▸ Problem statement
Look below for the line that contains "On the 40th", then copy it and each following line exactly, through and including the line that contains "Palm Beach, FL 33480,3200 S Ocean #D504".
———
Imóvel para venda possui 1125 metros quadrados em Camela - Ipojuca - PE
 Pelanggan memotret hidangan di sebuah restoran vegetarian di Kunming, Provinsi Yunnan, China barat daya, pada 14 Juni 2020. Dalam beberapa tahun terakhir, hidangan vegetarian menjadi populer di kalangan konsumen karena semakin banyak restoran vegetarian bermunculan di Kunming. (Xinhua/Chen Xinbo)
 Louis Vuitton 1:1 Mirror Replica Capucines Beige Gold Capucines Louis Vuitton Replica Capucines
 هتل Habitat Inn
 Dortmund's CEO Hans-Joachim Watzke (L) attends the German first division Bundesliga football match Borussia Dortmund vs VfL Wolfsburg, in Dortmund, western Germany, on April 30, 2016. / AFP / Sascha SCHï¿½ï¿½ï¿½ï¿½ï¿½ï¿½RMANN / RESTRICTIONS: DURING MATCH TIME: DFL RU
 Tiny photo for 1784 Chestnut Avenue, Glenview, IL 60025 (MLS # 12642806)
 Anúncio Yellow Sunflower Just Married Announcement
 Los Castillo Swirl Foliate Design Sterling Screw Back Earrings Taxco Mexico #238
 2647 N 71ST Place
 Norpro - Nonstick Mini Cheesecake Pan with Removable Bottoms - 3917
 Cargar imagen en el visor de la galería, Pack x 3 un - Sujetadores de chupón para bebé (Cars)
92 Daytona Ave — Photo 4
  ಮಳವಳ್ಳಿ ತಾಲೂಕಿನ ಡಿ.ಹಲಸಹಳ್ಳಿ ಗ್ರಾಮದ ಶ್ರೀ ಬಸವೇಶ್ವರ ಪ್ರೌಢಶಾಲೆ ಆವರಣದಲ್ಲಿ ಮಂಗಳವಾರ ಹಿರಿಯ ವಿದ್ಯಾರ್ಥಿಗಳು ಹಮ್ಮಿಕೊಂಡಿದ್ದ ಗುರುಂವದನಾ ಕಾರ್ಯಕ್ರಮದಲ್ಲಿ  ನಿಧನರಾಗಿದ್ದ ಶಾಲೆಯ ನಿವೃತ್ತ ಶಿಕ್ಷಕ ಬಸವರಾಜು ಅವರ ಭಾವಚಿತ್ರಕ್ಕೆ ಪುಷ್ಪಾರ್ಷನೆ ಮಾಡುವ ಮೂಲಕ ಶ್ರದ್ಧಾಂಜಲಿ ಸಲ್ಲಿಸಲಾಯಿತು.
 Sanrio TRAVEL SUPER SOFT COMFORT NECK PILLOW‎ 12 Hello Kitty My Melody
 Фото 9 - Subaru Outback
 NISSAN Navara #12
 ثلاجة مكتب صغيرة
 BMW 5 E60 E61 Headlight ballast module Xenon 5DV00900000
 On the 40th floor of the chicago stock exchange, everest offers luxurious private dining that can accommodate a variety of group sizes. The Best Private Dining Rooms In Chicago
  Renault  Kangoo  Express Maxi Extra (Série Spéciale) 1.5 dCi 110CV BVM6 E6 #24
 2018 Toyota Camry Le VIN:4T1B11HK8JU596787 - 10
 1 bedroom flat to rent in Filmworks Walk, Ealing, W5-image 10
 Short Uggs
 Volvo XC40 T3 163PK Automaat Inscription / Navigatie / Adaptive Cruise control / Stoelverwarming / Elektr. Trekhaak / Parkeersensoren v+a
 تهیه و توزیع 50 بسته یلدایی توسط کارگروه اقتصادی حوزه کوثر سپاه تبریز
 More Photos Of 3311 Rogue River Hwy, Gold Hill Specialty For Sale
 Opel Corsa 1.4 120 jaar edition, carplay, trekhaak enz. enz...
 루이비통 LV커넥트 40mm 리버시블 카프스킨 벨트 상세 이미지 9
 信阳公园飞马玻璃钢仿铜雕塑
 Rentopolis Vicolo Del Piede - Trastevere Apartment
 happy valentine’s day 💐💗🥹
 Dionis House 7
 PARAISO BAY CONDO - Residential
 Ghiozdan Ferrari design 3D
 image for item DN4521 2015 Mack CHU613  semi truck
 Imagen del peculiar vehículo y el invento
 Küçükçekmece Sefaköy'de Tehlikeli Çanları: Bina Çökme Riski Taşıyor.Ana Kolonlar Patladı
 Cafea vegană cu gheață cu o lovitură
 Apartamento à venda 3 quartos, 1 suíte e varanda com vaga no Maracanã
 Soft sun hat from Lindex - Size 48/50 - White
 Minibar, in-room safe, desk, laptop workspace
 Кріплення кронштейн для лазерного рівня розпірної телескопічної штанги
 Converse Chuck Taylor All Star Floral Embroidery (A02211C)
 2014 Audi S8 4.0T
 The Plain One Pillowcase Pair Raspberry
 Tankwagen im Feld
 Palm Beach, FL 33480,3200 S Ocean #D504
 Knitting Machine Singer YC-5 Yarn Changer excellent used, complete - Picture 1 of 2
———
▸ Answer box
 On the 40th floor of the chicago stock exchange, everest offers luxurious private dining that can accommodate a variety of group sizes. The Best Private Dining Rooms In Chicago
  Renault  Kangoo  Express Maxi Extra (Série Spéciale) 1.5 dCi 110CV BVM6 E6 #24
 2018 Toyota Camry Le VIN:4T1B11HK8JU596787 - 10
 1 bedroom flat to rent in Filmworks Walk, Ealing, W5-image 10
 Short Uggs
 Volvo XC40 T3 163PK Automaat Inscription / Navigatie / Adaptive Cruise control / Stoelverwarming / Elektr. Trekhaak / Parkeersensoren v+a
 تهیه و توزیع 50 بسته یلدایی توسط کارگروه اقتصادی حوزه کوثر سپاه تبریز
 More Photos Of 3311 Rogue River Hwy, Gold Hill Specialty For Sale
 Opel Corsa 1.4 120 jaar edition, carplay, trekhaak enz. enz...
 루이비통 LV커넥트 40mm 리버시블 카프스킨 벨트 상세 이미지 9
 信阳公园飞马玻璃钢仿铜雕塑
 Rentopolis Vicolo Del Piede - Trastevere Apartment
 happy valentine’s day 💐💗🥹
 Dionis House 7
 PARAISO BAY CONDO - Residential
 Ghiozdan Ferrari design 3D
 image for item DN4521 2015 Mack CHU613  semi truck
 Imagen del peculiar vehículo y el invento
 Küçükçekmece Sefaköy'de Tehlikeli Çanları: Bina Çökme Riski Taşıyor.Ana Kolonlar Patladı
 Cafea vegană cu gheață cu o lovitură
 Apartamento à venda 3 quartos, 1 suíte e varanda com vaga no Maracanã
 Soft sun hat from Lindex - Size 48/50 - White
 Minibar, in-room safe, desk, laptop workspace
 Кріплення кронштейн для лазерного рівня розпірної телескопічної штанги
 Converse Chuck Taylor All Star Floral Embroidery (A02211C)
 2014 Audi S8 4.0T
 The Plain One Pillowcase Pair Raspberry
 Tankwagen im Feld
 Palm Beach, FL 33480,3200 S Ocean #D504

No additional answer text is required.